Generation with LLMs¶
LLMs, or Large Language Models, are the key component behind text generation. In a nutshell, they consist of large pretrained transformer models trained to predict the next word (or, more precisely, token) given some input text. Since they predict one token at a time, you need to do something more elaborate to generate new sentences other than just calling the model — you need to do autoregressive generation.
Autoregressive generation is the inference-time procedure of iteratively calling a model with its own generated outputs, given a few initial inputs. In 🤗 Transformers, this is handled by the generate() method, which is available to all models with generative capabilities.
This tutorial will show you how to:
- Generate text with an LLM
Before you begin, make sure you have all the necessary libraries installed:
pip install transformers==4.42.4
Generate text¶
Note
Taking llama as an example, you can find the complete code in examples/transformers/llama/generate.py
And you can compare the results of script examples/transformers/llama/generate_pt.py
with PyTorch.
A language model trained for causal language modeling takes a sequence of text tokens as input and returns the probability distribution for the next token.
A critical aspect of autoregressive generation with LLMs is how to select the next token from this probability distribution. Anything goes in this step as long as you end up with a token for the next iteration. This means it can be as simple as selecting the most likely token from the probability distribution or as complex as applying a dozen transformations before sampling from the resulting distribution.
The process depicted above is repeated iteratively until some stopping condition is reached. Ideally, the stopping condition is dictated by the model, which should learn when to output an end-of-sequence (EOS) token. If this is not the case, generation stops when some predefined maximum length is reached.
Properly setting up the token selection step and the stopping condition is essential to make your model behave as you’d expect on your task. That is why we have a GenerationConfig file associated with each model, which contains a good default generative parameterization and is loaded alongside your model.
Let’s talk code!
Note
If you’re interested in basic LLM usage, our high-level Pipeline interface is a great starting point. However, LLMs often require advanced features like quantization and fine control of the token selection step, which is best done through generate(). Autoregressive generation with LLMs is also resource-intensive and should be executed on a Ascend NPU for adequate throughput.

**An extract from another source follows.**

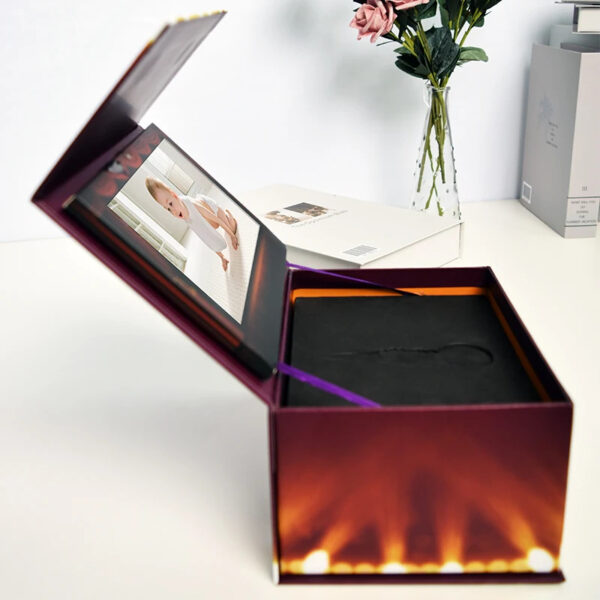 Burgundy LCD Video Gift Box with Black Insert and Ribbon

First, you need to load the model.
>>> from mindone.transformers.models.llama import LlamaForCausalLM
>>> model = LlamaForCausalLM.from_pretrained("meta-llama/Meta-Llama-3-8B")
There are other ways to initialize a model, but this is a good baseline to begin with an LLM.
Next, you need to preprocess your text input with a tokenizer.
>>> from transformers import AutoTokenizer
>>> tokenizer = AutoTokenizer.from_pretrained("meta-llama/Meta-Llama-3-8B")
>>> input_ids = ms.Tensor(tokenizer(["A list of colors: red, blue"]).input_ids, ms.int32)
The model_inputs variable holds the tokenized text input, as well as the attention mask. While generate() does its best effort to infer the attention mask when it is not passed, we recommend passing it whenever possible for optimal results.
After tokenizing the inputs, you can call the generate() method to returns the generated tokens. The generated tokens then should be converted to text before printing.
>>> generated_ids = model.generate(
... input_ids=input_ids,
... max_new_tokens=30,
... use_cache=True,
... do_sample=False,
... )
>>> tokenizer.batch_decode(generated_ids, skip_special_tokens=True)[0].strip()
Finally, you don’t need to do it one sequence at a time! You can batch your inputs, which will greatly improve the throughput at a small latency and memory cost. All you need to do is to make sure you pad your inputs properly (more on that below).
>>> tokenizer.pad_token = tokenizer.eos_token # Most LLMs don't have a pad token by default
>>> input_ids = ms.Tensor(tokenizer(
... ["A list of colors: red, blue", "Portugal is"], padding=True
... ).input_ids, ms.int32)
>>> generated_ids = model.generate(
... input_ids=input_ids,
... max_new_tokens=30,
... use_cache=True,
... do_sample=False,
... )
>>> tokenizer.batch_decode(generated_ids, skip_special_tokens=True)
And that’s it! In a few lines of code, you can harness the power of an LLM.